In sum, by the command of Lopez and the categorical approach to federal/state offense comparison, we are obligated to look only at the offense of conviction and the conduct described therein. True, as the majority points out, there are limited situations in which we may peek behind the face of the conviction, to the charging documents, Gattem, 412 F.3d 758, 765 (2005), but the charging documents in these cases would have been no help. In each case in this appeal the state convicted the defendant of a simple misdemeanor without mention of any previous misdemeanor convictions. The state prosecutors opted not to charge these defendants as recidivist drug crime offenders and we cannot re-write history to make it so. The offenses for which each of these petitioners were convicted do not proscribe conduct that would be a felony under the CSA. Consequently, I would hold that none of their convictions constitutes an aggravated felony under § 1101(a)(43)(B) of the INA. I respectfully dissent.

. A person may not challenge the validity of a prior conviction that is more than five years old. 21 U.S.C. § 851(e). One of the three petitioners here, Jimenez-Mateo, would have been barred from challenging the validity of his first possession offense. Presumably, however, he was still permitted to deny an allegation of the information of a prior conviction as indicated in § 851(c)(1). Furthermore, the notice requirements of 21 U.S.C. § 851(a) would still have applied.

. Illinois does have a law that provides for a sentencing enhancement for recidivist possession (720 ILCS 570/408(a)) and requires that the state give the defendant notice of the state's intention to seek the enhancement. 725 ILCS 5/111 — 3(c).

. The majority also makes much of the fact that recidivism is a penalty provision and not an element of the offense of conviction. Ante at 870 (citing Almendarez-Torres, 523 U.S. 224, 244, 118 S.Ct. 1219, 140 L.Ed.2d 350 (1998)). Although still reigning law, the viability of this notion is much in doubt. In Ap-prendi v. New Jersey, 530 U.S. 466, 520, 120 S.Ct. 2348, 147 L.Ed.2d 435, Justice Thomas, in concurrence, admitted siding with the erring position in Almendarez-Torres and con-eluded that the fact of a prior conviction is indeed an element of a recidivism statute — a position which allies him with the four dissenters in Almendarez-Torres. Id. at 520-21, 120 S.Ct. 2348 (Thomas, J., concurring).

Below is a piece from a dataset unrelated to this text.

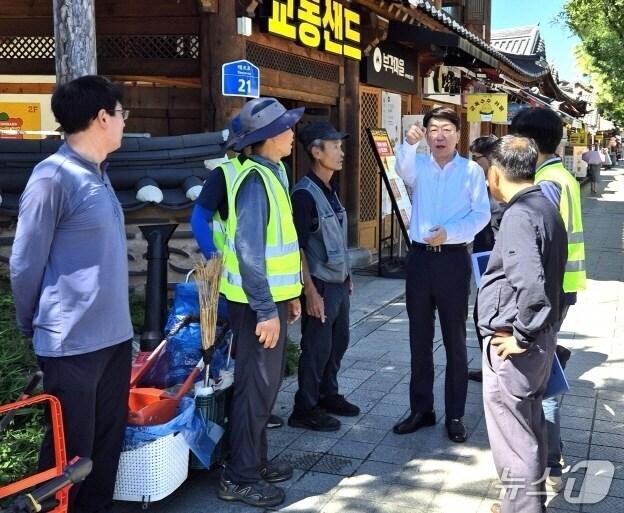 본문 이미지 - 우범기 전주시장이 25일 혁신동 일원과 전주한옥마을 생활쓰레기 수거현장을 방문, 폭염 속에서 근무하고 있는 환경관리원을 격려했다.(전주시 제공, 재판매 및 DB 금지)/뉴스1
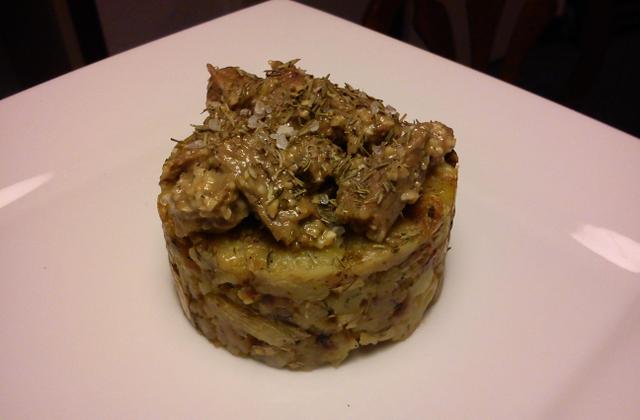 Emincé d'agneau au thym et à la crème d'ail sur son écrasé de pommes de terre - Photo par birouc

Thomas’ change of mind now means that at least five current members of the Supreme Court support the position that the fact of a prior conviction is indeed an element of a recidivism crime. In any event, this distinction does not get us around the Supreme Court’s command in Lopez that we look to the conduct proscribed in the state offense of conviction. In this case that statute described conduct — simple possession — that would not have qualified as an aggravated felony under federal law.